2次元表現からオブジェクトを消去することは非常に困難な作業です。このような操作に必要なセグメンテーションデータには、シーンの深度、形状、周囲のテクスチャなどの要素に基づいた高精度なセグメンテーションが必要です。

ポケモンGOやスナップフィルターといった既存のARアプリと同様に、画像をスマートフォン画面に表示できます。また、半透明ディスプレイにも対応しているとのことです。MicrosoftのHoloLensのようなゴーグル型デバイスも、同様の技術を活用して複合現実(MR)アプリケーションを実現しています。

資料によると、ソファやテーブルは氷山の一角に過ぎない。特にMetaioは、ヘッドアップディスプレイパッケージなど、ARカーナビゲーションへの技術応用を構想している。

この発明ではこの主題について詳しく説明されていないものの、この技術は車内環境、あるいはその一部を完全に見えなくし、運転者に道路の明瞭な視界を提供する手段を提示している。あるいは、シナリオによっては、ほとんどの最新車両に搭載されている大型インフォテインメントディスプレイを、車内画像に仮想オブジェクトとして重ね合わせることも可能になるだろう。

おそらく偶然ではないが、Apple は自動運転車のソフトウェアおよびハードウェア システムを作成する取り組みの一環として、AR ベースのナビゲーション システムを開発していると報じられている。

昨年の報道によると、AppleはBlackBerryのQNXプロジェクトから複数のエンジニアを引き抜き、モバイルアプリ、Siri、その他のハンズオフ技術に対応可能なARヘッドアップディスプレイの開発に取り組んでいるとのことです。Appleは、このソリューションをVRリグ(おそらくOculus RiftやHTC Viveのようなヘッドマウントゴーグル)で非公開でテストしているようです。
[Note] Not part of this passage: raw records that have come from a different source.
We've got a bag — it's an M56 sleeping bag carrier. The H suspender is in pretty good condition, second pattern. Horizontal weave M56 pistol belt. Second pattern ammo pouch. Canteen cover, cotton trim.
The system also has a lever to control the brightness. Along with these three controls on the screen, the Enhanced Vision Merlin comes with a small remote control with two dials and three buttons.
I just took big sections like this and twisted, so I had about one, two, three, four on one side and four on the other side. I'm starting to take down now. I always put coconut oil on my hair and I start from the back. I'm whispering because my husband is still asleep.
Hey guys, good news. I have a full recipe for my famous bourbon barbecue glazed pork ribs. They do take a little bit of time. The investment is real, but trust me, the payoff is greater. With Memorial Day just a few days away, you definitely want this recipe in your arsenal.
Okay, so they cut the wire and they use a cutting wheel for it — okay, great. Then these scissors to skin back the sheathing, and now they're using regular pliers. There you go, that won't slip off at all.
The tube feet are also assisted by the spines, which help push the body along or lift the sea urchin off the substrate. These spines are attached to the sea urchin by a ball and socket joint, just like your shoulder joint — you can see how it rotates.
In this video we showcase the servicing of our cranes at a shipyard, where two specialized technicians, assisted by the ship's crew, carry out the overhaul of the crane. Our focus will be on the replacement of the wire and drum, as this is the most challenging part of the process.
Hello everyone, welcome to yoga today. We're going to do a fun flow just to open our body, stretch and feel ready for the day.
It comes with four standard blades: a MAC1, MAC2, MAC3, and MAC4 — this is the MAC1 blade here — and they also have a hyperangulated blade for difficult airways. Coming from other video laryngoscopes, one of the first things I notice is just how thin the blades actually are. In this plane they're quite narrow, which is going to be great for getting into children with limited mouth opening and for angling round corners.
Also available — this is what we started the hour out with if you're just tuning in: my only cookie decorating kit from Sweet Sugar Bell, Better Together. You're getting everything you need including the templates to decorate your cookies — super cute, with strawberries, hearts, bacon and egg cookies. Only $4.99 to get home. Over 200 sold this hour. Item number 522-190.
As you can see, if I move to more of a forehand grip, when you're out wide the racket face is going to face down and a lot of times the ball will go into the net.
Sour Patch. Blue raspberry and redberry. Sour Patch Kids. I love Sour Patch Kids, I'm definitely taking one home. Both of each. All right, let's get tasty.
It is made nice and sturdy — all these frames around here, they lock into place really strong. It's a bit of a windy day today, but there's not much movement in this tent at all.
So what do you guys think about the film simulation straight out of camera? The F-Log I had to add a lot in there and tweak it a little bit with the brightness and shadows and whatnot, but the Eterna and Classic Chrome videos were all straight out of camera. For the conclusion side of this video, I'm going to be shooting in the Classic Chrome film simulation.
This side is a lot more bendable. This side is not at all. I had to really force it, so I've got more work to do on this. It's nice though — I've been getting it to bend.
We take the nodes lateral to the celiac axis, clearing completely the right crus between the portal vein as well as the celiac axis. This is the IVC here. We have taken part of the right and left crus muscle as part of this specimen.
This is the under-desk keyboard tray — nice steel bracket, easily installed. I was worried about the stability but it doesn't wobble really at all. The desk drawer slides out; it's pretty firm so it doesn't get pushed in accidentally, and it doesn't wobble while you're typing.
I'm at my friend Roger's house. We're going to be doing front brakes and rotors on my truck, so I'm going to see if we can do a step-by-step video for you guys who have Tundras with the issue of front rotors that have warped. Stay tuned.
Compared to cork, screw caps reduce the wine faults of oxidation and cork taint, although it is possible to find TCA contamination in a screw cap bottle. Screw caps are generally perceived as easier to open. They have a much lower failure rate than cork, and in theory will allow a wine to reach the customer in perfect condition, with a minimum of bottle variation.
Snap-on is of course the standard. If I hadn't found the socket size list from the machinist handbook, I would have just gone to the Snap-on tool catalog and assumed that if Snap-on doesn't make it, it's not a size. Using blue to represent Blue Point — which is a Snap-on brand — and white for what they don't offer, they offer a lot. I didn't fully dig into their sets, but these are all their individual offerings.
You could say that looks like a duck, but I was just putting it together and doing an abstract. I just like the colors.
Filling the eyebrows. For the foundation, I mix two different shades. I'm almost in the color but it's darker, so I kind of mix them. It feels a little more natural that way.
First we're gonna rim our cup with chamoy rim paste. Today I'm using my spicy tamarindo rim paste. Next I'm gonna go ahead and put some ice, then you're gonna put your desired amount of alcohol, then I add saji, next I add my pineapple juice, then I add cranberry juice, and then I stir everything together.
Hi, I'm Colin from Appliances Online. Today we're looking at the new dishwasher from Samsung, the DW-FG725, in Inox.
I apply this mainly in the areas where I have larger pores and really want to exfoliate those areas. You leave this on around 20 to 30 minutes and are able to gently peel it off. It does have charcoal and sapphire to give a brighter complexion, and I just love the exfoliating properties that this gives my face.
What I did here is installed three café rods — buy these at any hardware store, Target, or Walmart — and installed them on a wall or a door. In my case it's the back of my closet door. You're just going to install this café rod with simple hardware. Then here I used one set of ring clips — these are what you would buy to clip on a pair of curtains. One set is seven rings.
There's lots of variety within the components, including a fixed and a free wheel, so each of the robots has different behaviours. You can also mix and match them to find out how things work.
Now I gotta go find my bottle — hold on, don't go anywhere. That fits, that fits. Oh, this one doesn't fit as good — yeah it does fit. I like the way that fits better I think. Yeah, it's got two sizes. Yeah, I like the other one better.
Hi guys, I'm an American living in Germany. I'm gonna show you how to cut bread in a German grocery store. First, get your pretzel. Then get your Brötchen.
この文書では、提案された AR アプリケーションを処理できるさまざまな画像処理アルゴリズムについて詳しく説明します。

Appleがこの発明を市販の消費者向け製品に搭載する計画があるかどうかは不明ですが、噂によると、同社は近い将来、何らかのARシステムのリリースに取り組んでいるようです。iPhone 7 Plusのデュアルセンサーカメラは、AppleのARへの取り組みの鍵となるでしょう。現状では、デュアルレンズアレイはAppleのカメラアプリのポートレートモードのような深度検知機能の基盤となっています。

AppleのAR特許申請は2015年10月に初めて提出され、発明者はPeter Meier氏とStefan Holzer氏とされている。